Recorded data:
• • • • •
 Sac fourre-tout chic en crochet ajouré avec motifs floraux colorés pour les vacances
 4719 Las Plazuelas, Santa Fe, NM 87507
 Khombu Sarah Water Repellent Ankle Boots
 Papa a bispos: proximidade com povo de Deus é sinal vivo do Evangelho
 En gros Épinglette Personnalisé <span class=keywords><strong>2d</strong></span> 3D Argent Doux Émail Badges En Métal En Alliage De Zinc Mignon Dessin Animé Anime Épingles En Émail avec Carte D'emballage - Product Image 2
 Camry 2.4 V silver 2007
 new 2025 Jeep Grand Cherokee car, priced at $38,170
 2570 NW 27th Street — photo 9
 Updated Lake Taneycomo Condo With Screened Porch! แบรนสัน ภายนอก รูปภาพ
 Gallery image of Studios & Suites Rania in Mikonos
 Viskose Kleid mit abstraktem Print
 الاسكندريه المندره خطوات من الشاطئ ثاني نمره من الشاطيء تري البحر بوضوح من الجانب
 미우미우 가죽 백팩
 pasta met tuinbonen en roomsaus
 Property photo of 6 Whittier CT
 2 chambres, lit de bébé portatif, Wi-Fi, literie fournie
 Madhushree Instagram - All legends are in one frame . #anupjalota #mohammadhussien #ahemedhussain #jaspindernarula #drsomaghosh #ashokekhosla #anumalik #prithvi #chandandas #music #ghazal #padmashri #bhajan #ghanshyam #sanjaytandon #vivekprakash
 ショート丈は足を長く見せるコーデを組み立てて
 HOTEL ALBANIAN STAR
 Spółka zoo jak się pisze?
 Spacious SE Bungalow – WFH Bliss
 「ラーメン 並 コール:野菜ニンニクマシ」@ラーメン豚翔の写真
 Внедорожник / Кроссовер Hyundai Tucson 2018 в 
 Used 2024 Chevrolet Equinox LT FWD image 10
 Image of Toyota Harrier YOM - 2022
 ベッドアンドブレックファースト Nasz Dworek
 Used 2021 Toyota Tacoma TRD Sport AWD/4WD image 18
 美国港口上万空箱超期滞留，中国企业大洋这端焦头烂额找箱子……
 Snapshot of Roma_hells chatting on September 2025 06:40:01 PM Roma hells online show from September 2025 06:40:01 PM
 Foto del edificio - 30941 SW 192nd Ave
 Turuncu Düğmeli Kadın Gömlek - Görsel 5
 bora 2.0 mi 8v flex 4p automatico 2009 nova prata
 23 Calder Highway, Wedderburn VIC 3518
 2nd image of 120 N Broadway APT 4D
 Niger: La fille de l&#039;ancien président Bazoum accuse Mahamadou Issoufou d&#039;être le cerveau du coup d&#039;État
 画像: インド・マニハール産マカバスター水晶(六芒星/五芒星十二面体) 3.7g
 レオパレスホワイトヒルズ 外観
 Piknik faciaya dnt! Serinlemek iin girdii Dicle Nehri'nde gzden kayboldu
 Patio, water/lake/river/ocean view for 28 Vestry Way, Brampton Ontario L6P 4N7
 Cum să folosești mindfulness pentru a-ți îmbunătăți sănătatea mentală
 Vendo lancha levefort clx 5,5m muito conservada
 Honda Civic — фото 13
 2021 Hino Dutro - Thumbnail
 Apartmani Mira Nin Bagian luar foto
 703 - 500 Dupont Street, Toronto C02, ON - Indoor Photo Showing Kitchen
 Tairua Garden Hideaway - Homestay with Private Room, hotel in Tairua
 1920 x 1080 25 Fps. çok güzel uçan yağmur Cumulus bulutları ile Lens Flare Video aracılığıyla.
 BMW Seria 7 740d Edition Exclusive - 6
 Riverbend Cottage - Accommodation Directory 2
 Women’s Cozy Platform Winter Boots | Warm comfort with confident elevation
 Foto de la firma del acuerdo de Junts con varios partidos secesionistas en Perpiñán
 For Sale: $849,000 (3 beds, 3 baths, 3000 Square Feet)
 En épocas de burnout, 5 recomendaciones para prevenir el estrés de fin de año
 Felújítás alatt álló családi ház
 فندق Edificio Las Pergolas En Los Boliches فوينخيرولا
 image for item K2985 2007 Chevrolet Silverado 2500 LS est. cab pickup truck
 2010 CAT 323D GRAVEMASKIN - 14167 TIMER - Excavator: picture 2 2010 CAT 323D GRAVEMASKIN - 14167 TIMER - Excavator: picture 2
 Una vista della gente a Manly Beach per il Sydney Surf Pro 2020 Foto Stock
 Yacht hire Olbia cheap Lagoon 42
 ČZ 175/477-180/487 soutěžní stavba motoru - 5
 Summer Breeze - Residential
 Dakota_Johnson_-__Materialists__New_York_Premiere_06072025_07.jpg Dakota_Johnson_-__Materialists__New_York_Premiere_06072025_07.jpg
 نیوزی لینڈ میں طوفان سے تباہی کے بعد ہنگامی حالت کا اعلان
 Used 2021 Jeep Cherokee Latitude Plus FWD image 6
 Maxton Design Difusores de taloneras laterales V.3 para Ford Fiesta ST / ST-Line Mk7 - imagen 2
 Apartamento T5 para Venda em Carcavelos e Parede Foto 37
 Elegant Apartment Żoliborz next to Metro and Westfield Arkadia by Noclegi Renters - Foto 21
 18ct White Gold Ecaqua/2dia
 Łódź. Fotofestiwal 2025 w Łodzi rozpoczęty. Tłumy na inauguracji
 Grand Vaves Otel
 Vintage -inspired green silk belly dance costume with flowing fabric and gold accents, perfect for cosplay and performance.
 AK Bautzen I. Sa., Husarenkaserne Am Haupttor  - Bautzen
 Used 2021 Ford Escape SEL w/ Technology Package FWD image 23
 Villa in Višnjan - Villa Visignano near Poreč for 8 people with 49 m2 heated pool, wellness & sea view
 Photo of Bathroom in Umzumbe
• • • • •
YOUR TASK: Starting with the line above that holds "En gros Épinglette" and stopping with the line that holds "ベッドアンドブレックファースト Nasz Dworek", reproduce each line exactly, omitting all other lines.

ANSWER SPACE:
 En gros Épinglette Personnalisé <span class=keywords><strong>2d</strong></span> 3D Argent Doux Émail Badges En Métal En Alliage De Zinc Mignon Dessin Animé Anime Épingles En Émail avec Carte D'emballage - Product Image 2
 Camry 2.4 V silver 2007
 new 2025 Jeep Grand Cherokee car, priced at $38,170
 2570 NW 27th Street — photo 9
 Updated Lake Taneycomo Condo With Screened Porch! แบรนสัน ภายนอก รูปภาพ
 Gallery image of Studios & Suites Rania in Mikonos
 Viskose Kleid mit abstraktem Print
 الاسكندريه المندره خطوات من الشاطئ ثاني نمره من الشاطيء تري البحر بوضوح من الجانب
 미우미우 가죽 백팩
 pasta met tuinbonen en roomsaus
 Property photo of 6 Whittier CT
 2 chambres, lit de bébé portatif, Wi-Fi, literie fournie
 Madhushree Instagram - All legends are in one frame . #anupjalota #mohammadhussien #ahemedhussain #jaspindernarula #drsomaghosh #ashokekhosla #anumalik #prithvi #chandandas #music #ghazal #padmashri #bhajan #ghanshyam #sanjaytandon #vivekprakash
 ショート丈は足を長く見せるコーデを組み立てて
 HOTEL ALBANIAN STAR
 Spółka zoo jak się pisze?
 Spacious SE Bungalow – WFH Bliss
 「ラーメン 並 コール:野菜ニンニクマシ」@ラーメン豚翔の写真
 Внедорожник / Кроссовер Hyundai Tucson 2018 в 
 Used 2024 Chevrolet Equinox LT FWD image 10
 Image of Toyota Harrier YOM - 2022
 ベッドアンドブレックファースト Nasz Dworek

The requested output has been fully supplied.